Machine learning detection of high-voltage grid (ml-hv-grid)

Scope & overall goal (from proposal)

Development Seed proposed to use machine assisted tracing to generate a high-voltage (HV) grid map for three countries: Pakistan, Nigeria and Zambia. A full report is available online. The methodology that we proposed is based on a pilot R&D effort described in the report Machine Learning for Africa’s Grid.

The goal here is to develop a cost-effective HV grid mapping approach that can be replicated in countries across the globe. At the end of this project, Development Seed is to publish and deliver the following to the energy team at the World Bank:

a complete and accurate (within 10 meters) map of the HV transmission network in three priority countries in Africa and Asia, delivered in GeoJSON format and added directly to OSM;
the training data and ML models;
a thoroughly documented approach that would allow the Bank or other organizations to replicate this in other countries.

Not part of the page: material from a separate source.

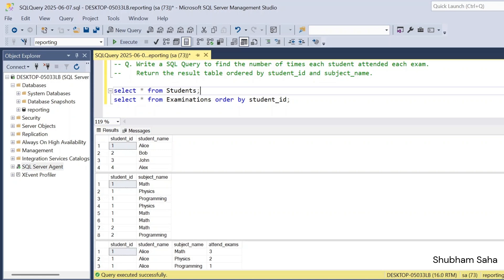Hi, welcome back guys. Today I am back with another new video. In this video, I will discuss a very interesting SQL interview question. So please watch this video to the end, you will learn lots of things. So let's start the video.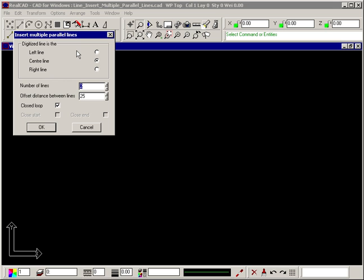The dialog box lets you define whether the points you click on the screen represent the center line or one of the edge lines, how many parallel lines you want, the distance between each line, and whether you want any automatic closing of the lines.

All data is stored within OpenStreetMap.

Machine learning approach

The machine learning (ML) goal here is to detect HV towers as accurately as possible in satellite imagery. Here, we are using zoom 18 tiles, as the towers are large enough to be clearly visible. Therefore, the specific ML task is a basic form of classification -- take any zoom 18 RGB tile and calculate the probability (on the interval [0, 1]) that it contains a HV tower. By default, we can use a threshold of 0.5 as the cutoff, but this can be modified to adjust the false-positive rate. For training, several thousand images (from the Digital Globe standard layer) spanning all 3 target countries were manually checked by the Peru Data Team.

We used a ML model called the "Xception" network that was pre-trained on ImageNet -- a large corpus of natural images used as a benchmark by the ML community. The model is retrained using satellite imagery (i.e., we use a "transfer learning" approach) to detect HV towers. We evaluate performance based on raw detection accuracy, false- and true-positive rates, and the ROC curve.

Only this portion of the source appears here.